====== RECORDS FOR THE EXERCISE ======

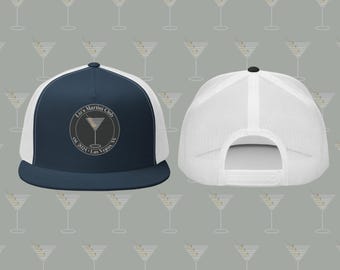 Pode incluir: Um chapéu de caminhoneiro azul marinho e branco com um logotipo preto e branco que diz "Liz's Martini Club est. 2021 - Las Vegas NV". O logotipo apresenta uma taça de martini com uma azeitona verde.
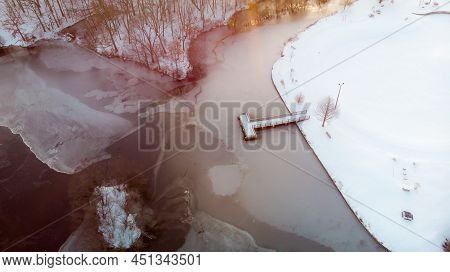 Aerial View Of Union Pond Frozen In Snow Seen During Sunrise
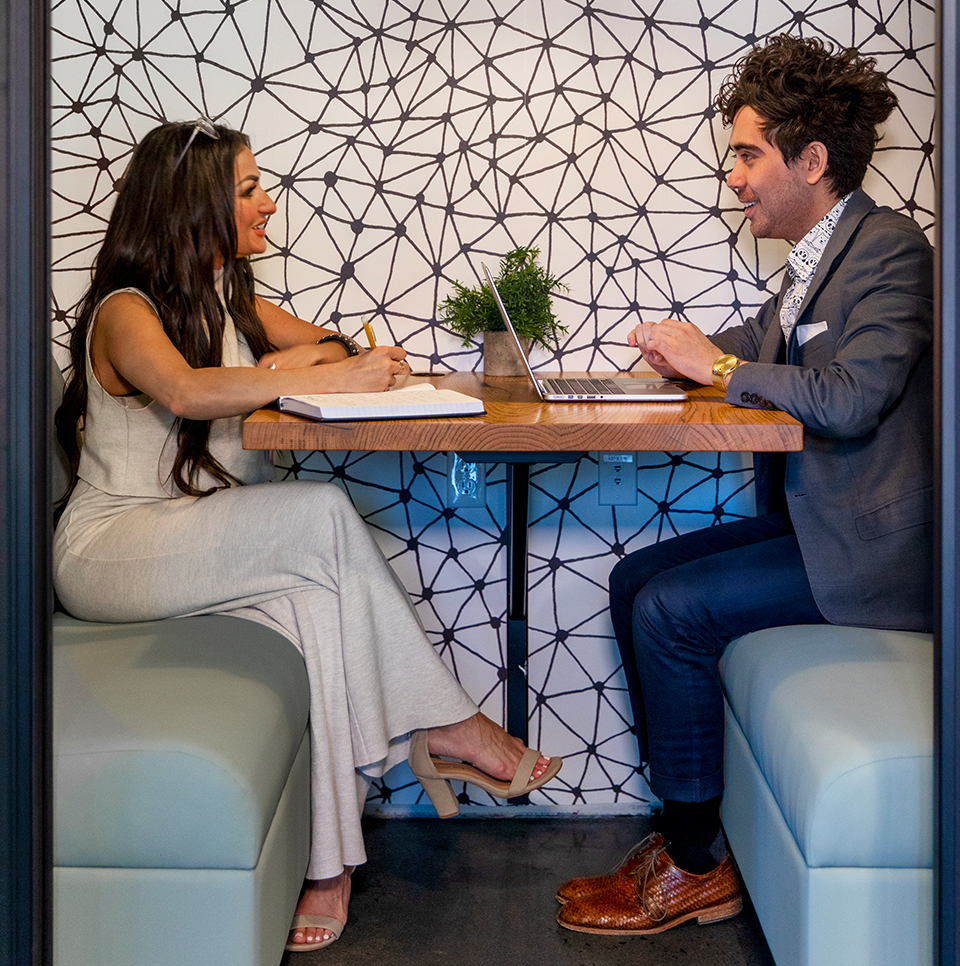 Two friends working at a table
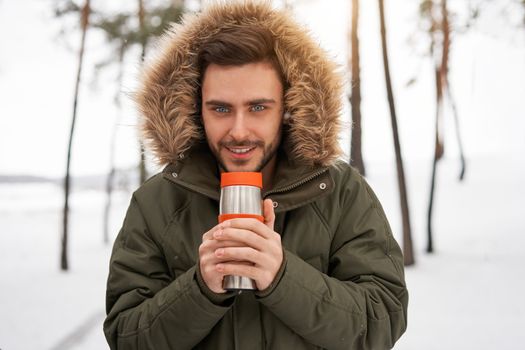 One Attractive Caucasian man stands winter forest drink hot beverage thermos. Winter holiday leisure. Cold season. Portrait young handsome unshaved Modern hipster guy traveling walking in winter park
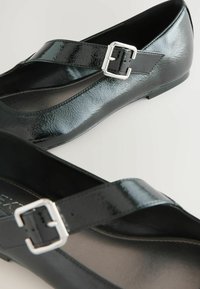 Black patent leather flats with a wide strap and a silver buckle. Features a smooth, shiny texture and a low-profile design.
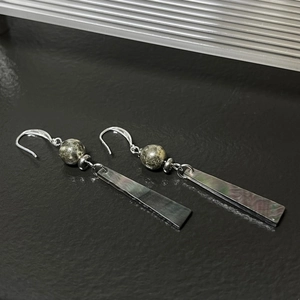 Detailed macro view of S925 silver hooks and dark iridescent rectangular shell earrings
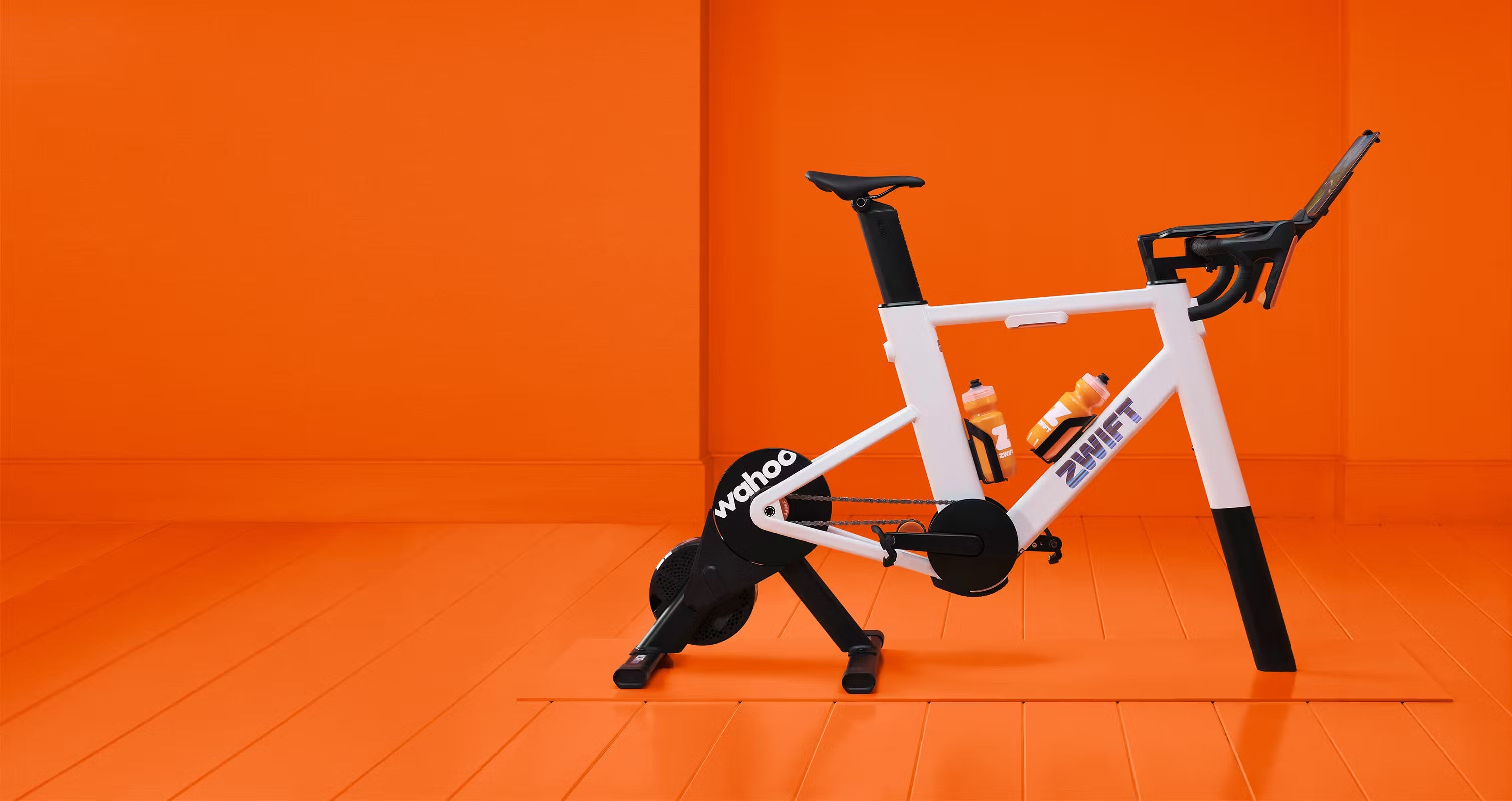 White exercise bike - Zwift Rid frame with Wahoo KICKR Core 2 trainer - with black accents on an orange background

======

* WHAT THE EXERCISE ASKS
Give back the material above exactly as it appears, minus any picture.

* ANSWER TO THIS TASK
 Pode incluir: Um chapéu de caminhoneiro azul marinho e branco com um logotipo preto e branco que diz "Liz's Martini Club est. 2021 - Las Vegas NV". O logotipo apresenta uma taça de martini com uma azeitona verde.
 Aerial View Of Union Pond Frozen In Snow Seen During Sunrise
 Two friends working at a table
 One Attractive Caucasian man stands winter forest drink hot beverage thermos. Winter holiday leisure. Cold season. Portrait young handsome unshaved Modern hipster guy traveling walking in winter park
 Black patent leather flats with a wide strap and a silver buckle. Features a smooth, shiny texture and a low-profile design.
 Detailed macro view of S925 silver hooks and dark iridescent rectangular shell earrings
 White exercise bike - Zwift Rid frame with Wahoo KICKR Core 2 trainer - with black accents on an orange background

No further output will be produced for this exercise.